Problem to work on: The entries that follow include a run beginning at the line with "Boxspring met matras fluweel roze 160x220 cm" and ending at the line with "Balabinka Square CZ"; restate that run word for word and leave the rest out.

Entries provided:

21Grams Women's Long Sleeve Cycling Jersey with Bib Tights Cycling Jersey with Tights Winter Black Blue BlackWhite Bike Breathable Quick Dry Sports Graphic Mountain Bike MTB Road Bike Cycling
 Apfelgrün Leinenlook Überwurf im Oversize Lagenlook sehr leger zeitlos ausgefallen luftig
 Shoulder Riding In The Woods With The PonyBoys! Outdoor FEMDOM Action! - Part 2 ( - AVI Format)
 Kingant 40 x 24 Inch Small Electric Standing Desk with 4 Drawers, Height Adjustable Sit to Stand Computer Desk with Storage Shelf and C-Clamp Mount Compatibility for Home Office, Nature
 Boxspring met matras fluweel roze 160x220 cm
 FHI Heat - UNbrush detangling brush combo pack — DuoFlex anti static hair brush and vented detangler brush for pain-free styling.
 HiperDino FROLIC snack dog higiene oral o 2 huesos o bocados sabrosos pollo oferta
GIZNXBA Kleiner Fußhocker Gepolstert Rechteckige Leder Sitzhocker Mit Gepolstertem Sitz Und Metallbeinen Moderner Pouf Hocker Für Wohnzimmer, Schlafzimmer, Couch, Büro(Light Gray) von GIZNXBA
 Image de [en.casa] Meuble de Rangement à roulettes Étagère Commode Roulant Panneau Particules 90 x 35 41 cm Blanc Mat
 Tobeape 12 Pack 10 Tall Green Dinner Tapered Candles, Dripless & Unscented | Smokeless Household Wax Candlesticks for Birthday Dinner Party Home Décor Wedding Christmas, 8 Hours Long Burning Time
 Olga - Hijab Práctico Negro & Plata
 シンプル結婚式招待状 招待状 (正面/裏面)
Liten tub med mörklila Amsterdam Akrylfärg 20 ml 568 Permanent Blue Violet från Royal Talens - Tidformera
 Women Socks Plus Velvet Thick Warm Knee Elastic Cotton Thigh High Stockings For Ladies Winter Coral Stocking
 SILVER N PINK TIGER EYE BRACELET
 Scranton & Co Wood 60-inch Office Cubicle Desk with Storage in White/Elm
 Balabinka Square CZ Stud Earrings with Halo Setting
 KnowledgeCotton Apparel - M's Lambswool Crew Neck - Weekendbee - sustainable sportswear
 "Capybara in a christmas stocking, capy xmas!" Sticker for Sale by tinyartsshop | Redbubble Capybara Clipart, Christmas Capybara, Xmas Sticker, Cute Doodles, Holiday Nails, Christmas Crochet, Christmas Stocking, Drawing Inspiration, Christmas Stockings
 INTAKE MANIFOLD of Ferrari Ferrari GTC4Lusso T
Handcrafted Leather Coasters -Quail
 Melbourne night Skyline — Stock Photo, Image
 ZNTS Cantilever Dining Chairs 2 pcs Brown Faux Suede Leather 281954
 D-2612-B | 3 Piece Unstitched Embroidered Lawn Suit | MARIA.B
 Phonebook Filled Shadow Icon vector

Answer below:
 Boxspring met matras fluweel roze 160x220 cm
 FHI Heat - UNbrush detangling brush combo pack — DuoFlex anti static hair brush and vented detangler brush for pain-free styling.
 HiperDino FROLIC snack dog higiene oral o 2 huesos o bocados sabrosos pollo oferta
GIZNXBA Kleiner Fußhocker Gepolstert Rechteckige Leder Sitzhocker Mit Gepolstertem Sitz Und Metallbeinen Moderner Pouf Hocker Für Wohnzimmer, Schlafzimmer, Couch, Büro(Light Gray) von GIZNXBA
 Image de [en.casa] Meuble de Rangement à roulettes Étagère Commode Roulant Panneau Particules 90 x 35 41 cm Blanc Mat
 Tobeape 12 Pack 10 Tall Green Dinner Tapered Candles, Dripless & Unscented | Smokeless Household Wax Candlesticks for Birthday Dinner Party Home Décor Wedding Christmas, 8 Hours Long Burning Time
 Olga - Hijab Práctico Negro & Plata
 シンプル結婚式招待状 招待状 (正面/裏面)
Liten tub med mörklila Amsterdam Akrylfärg 20 ml 568 Permanent Blue Violet från Royal Talens - Tidformera
 Women Socks Plus Velvet Thick Warm Knee Elastic Cotton Thigh High Stockings For Ladies Winter Coral Stocking
 SILVER N PINK TIGER EYE BRACELET
 Scranton & Co Wood 60-inch Office Cubicle Desk with Storage in White/Elm
 Balabinka Square CZ Stud Earrings with Halo Setting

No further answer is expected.